══ RECORDED INFORMATION

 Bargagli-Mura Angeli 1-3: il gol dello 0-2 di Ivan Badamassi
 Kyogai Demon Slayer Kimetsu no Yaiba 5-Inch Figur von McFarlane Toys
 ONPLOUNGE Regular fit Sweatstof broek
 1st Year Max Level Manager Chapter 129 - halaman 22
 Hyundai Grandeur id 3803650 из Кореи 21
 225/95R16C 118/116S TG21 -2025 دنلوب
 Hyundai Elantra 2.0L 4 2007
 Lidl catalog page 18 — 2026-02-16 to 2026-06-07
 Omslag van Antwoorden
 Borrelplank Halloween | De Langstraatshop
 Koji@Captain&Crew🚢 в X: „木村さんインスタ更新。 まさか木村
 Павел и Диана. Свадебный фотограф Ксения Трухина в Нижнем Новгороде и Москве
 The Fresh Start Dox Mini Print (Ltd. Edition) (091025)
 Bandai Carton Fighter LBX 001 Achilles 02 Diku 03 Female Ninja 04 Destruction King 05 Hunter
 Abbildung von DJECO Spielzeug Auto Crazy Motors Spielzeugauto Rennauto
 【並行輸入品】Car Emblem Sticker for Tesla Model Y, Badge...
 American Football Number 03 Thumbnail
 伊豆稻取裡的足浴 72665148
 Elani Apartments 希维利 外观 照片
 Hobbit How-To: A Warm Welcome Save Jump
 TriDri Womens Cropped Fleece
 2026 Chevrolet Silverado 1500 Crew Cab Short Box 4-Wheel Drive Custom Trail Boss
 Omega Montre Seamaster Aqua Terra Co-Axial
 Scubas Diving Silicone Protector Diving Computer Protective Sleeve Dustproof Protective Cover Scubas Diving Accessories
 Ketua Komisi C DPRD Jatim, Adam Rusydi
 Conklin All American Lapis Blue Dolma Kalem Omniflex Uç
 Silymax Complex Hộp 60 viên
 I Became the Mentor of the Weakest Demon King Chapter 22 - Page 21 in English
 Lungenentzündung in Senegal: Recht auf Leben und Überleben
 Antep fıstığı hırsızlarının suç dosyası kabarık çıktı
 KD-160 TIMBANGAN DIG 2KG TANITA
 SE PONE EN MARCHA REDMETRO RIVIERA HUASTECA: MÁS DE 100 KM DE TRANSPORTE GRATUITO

════

• **WHAT TO DO**
Give back exactly the lines from the first line of the records through the line holding "Koji@Captain&Crew🚢 в X: „木村さんインスタ更新。 まさか木村", including both of those lines and leaving out all others.

• **SOLUTION TO THE PROBLEM**
 Bargagli-Mura Angeli 1-3: il gol dello 0-2 di Ivan Badamassi
 Kyogai Demon Slayer Kimetsu no Yaiba 5-Inch Figur von McFarlane Toys
 ONPLOUNGE Regular fit Sweatstof broek
 1st Year Max Level Manager Chapter 129 - halaman 22
 Hyundai Grandeur id 3803650 из Кореи 21
 225/95R16C 118/116S TG21 -2025 دنلوب
 Hyundai Elantra 2.0L 4 2007
 Lidl catalog page 18 — 2026-02-16 to 2026-06-07
 Omslag van Antwoorden
 Borrelplank Halloween | De Langstraatshop
 Koji@Captain&Crew🚢 в X: „木村さんインスタ更新。 まさか木村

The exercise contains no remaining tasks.